Covalent Modification Of Graphene By In Situ SET-LRP And Click Chemistry

Graphene is an allotrope of carbon, whose structure is one atom-thick planar sheets of sp2-bonded carbon atoms that are densely packed in a honeycomb crystal lattice. Owing to its extraordinary physicochemical and structural properties, this exciting new material has quickly sparked tremendous interests across many disciplines, including nanoelectronics and high-frequency electronics, energy storage and conversion, field emission display, and transparent conductors. Graphene, however, tends to aggregate to form three dimensional graphite with poor solubility in regular solvents, for graphene sheets have strong ultra-molecular force, including Van der Waals force and π-π interaction, which limits its further applications. Chemical modification of graphene has been a promising route to improve its solubility and dispersibility in solvents. Graphene oxide contains a range of reactive oxygen-containing functionalities, which renders it a good candidate for use in the aforementioned applications through chemical functionalization. Polymers are good candidates among those modifiers for graphene. The polymeric part offers dispersibility in certain solvents, mechanical strengthening, and several morphological characteristics, while graphene contributes to the electrical conductivity, chemical reactivity, and reinforcement of the mechanical properties.

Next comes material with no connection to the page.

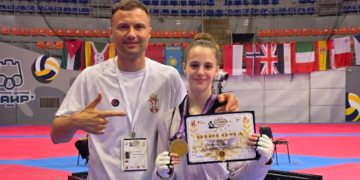 Jana Djuranovic i Petar Vidakovic e1756546847681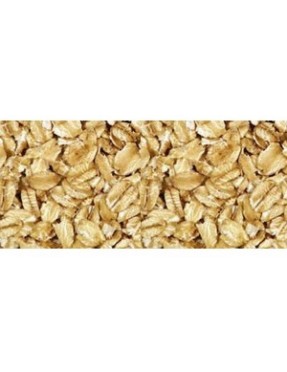 Grain Millers Rolled Oats #5 (1x25LB )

In this work, we prepared two different graphene/polymer composites with good dispersibility in organic solvents. The details are as follows:(1) We utilized SET-LRP to prepare PDMAA-functionalized graphene by initiating in situ SET-LRP of DMA monomer from the surface of graphene via the ’grafting-from’ strategy. The resulting product revealed that the composites had better dispersibility in organic solvents.(2) PDEAm-functionalized graphene was prepared by combining RAFT polymerization with click chemistry via the’grafting-onto’strategy. The resulting product was well characterized and we found that PDEAm-functionalized graphene possesses good dispersibility in organic solvents.